Segment Start: Dataset excerpts

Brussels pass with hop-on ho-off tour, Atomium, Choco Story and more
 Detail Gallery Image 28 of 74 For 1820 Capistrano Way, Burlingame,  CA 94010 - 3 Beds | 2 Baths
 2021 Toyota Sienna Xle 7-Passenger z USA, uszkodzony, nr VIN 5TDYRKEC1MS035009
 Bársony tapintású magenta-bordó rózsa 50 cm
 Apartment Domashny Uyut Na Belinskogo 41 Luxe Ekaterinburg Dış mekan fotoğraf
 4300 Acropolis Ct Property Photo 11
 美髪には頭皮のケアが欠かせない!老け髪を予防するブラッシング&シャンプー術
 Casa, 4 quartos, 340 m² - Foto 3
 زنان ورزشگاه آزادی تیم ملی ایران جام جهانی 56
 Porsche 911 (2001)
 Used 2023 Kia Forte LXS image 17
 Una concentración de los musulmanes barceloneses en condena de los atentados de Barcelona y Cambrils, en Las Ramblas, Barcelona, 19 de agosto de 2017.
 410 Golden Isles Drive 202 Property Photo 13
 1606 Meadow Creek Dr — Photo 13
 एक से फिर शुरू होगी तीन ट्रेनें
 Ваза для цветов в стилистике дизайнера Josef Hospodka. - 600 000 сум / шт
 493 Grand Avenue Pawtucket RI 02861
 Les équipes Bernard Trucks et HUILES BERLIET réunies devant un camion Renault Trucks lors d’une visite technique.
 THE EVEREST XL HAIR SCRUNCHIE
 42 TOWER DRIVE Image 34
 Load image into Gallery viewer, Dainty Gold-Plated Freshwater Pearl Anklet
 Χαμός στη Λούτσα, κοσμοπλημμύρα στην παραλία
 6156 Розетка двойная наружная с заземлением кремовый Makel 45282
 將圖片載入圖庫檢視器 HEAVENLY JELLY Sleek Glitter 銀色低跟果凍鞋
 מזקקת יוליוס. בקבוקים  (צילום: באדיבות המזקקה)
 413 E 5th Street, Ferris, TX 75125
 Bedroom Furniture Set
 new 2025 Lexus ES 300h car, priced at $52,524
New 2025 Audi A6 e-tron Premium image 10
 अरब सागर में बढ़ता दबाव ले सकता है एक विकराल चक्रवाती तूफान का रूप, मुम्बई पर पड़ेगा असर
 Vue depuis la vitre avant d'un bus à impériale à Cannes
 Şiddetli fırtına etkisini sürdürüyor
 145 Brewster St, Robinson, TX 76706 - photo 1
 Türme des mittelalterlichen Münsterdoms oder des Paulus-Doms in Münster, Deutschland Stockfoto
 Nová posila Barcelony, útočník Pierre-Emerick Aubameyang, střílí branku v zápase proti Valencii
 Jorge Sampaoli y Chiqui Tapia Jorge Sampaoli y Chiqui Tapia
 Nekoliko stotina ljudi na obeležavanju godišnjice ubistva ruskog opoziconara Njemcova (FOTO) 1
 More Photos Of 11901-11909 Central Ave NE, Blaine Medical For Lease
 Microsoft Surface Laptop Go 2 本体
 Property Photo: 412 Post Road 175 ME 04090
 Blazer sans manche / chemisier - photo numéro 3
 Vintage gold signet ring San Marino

Segment End: Dataset excerpts

▶ Task prompt:
In the records above, find the lines holding "Property". Copy each one.

▶ Task response:
 4300 Acropolis Ct Property Photo 11
 410 Golden Isles Drive 202 Property Photo 13
 Property Photo: 412 Post Road 175 ME 04090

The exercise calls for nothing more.